Il ragionamento però sembra non convincere il governo britannico, che invece ha proposto un compromesso: se condannare all’ergastolo non fa bene alle persone, che le si condanni a pene di 100 anni. In questo modo, per lo meno sarebbero permessi sconti di pena.
Tutto ciò non ha senso” ha detto Matthew Evans, per sei anni avvocato del Servizio Consulenza Detenuti. “La procedura di revisione della pena verrebbe determinata dalla Corte Suprema, e non riesco ad immaginare la Corte Suprema che cerca alcuni condannati a vita e dica loro che sono liberi. I giudici non torneranno sui propri passi per rilasciare persone condannate per tali reati“.

In Italia il dibattito era già stato aperto qualche anno fa, da una raccolta di firme dell’oncologo Umberto Veronesi, che aveva definito l’ergastolo “incostituzionale e antiscientifico“. Incostituzionale perché “la pena deve rieducare” e antiscientifico perché “20 anni dopo il reato, il carcerato può essere una persona diversa“. E tra pro e contro, quello che si è sempre evidenziato è che l’omicidio -senza escludere da questo le stragi mafiose- non si prescrive mai e che la Corte costituzionale ha già stabilito la costituzionalità dell’ergastolo anche grazie ad una serie di benefici garantiti dalla legge penitenziaria.
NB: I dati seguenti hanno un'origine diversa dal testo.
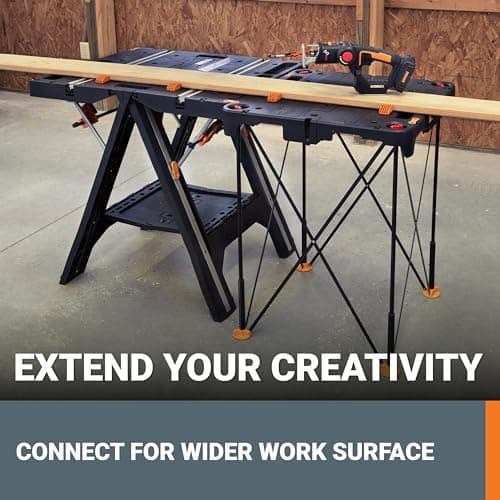 Worx WX066 Sidekick Folding Work Table, Portable All-in-one Work Bench 8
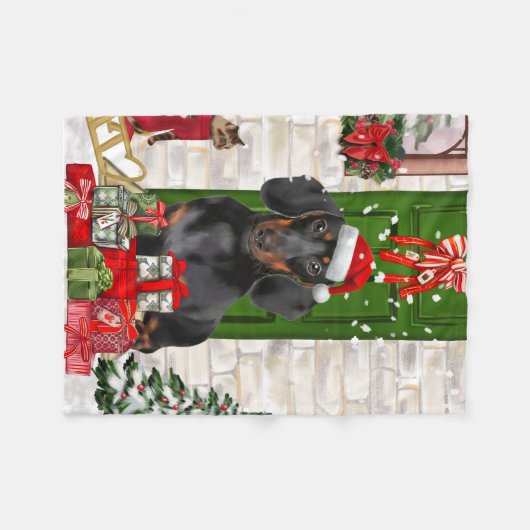 Dachshund Dog Kerstmis Fleece Deken (Voorkant (Horizontaal))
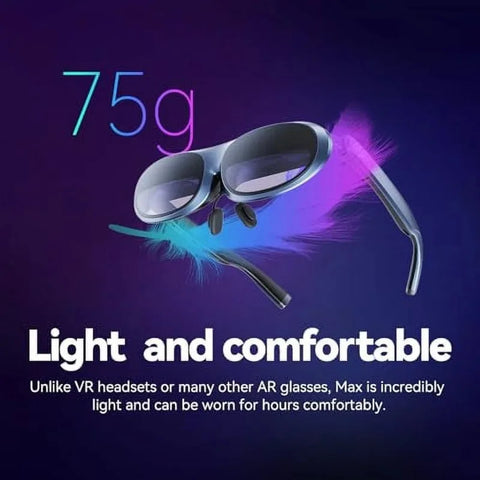 AR Glasses, Smart Glasses with 360'' Micro-OLED Virtual Theater, 50° FOV, 600nits Brightness, HDCP Support & Cloud Gaming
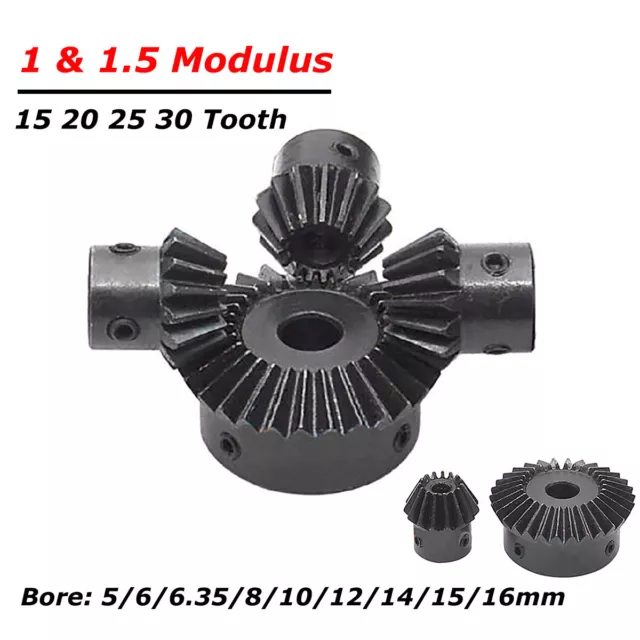 1 Modulus 1.5 Modulus Bevel Gear 15/20/25/30T 90° 45# Steel Transmission Gears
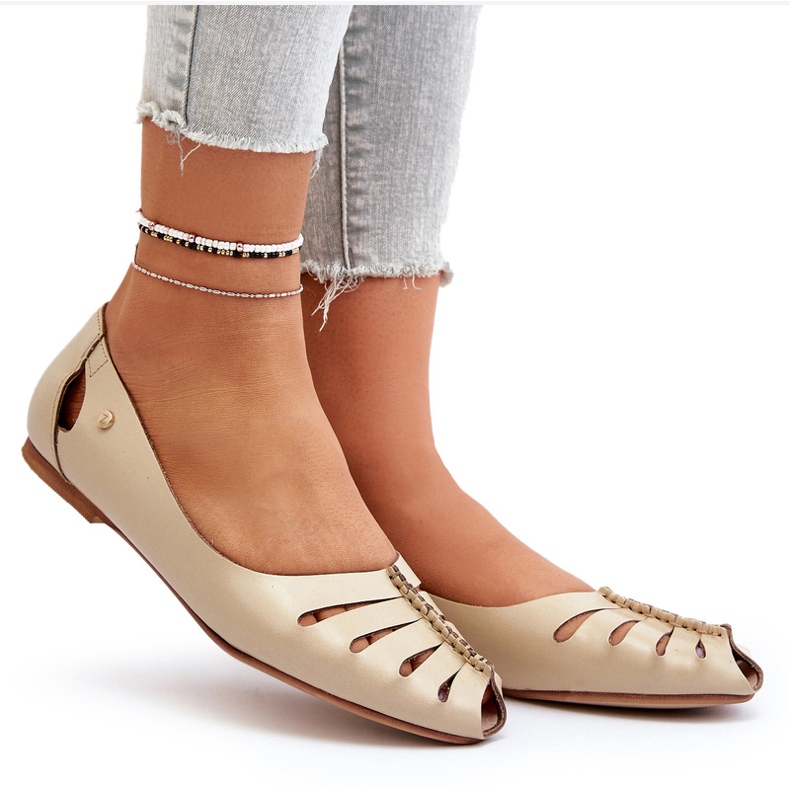 Zazoo 10009 udobna kožna ženska balerina bež 6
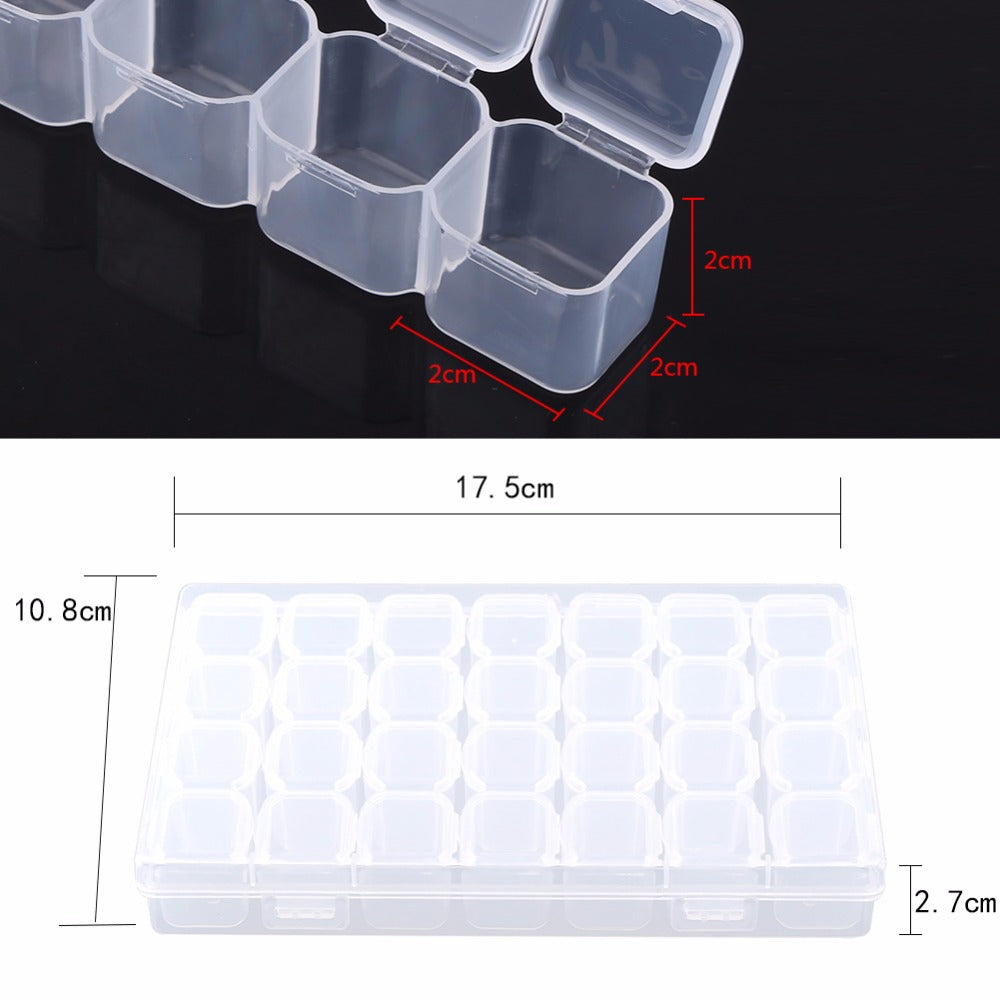 Luxiko 28-Grid Diamond Painting Storage Box – Organizer Container for Diamond Embroidery Beads, Jewelry & Craft Accessories with Label Stickers (No Diamonds, No Tool Kit)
Se da più parti, insomma, anche a livello internazionale, si continuano a sollevare dubbi sull’efficacia dell’ergastolo come pena, non si può prescindere dalla contingenza e dal sistema giudiziario e penitenziario di ogni Paese, e in questo l’Italia ha sicuramente molta strada ancora da percorrere, anche a livello di dibattito.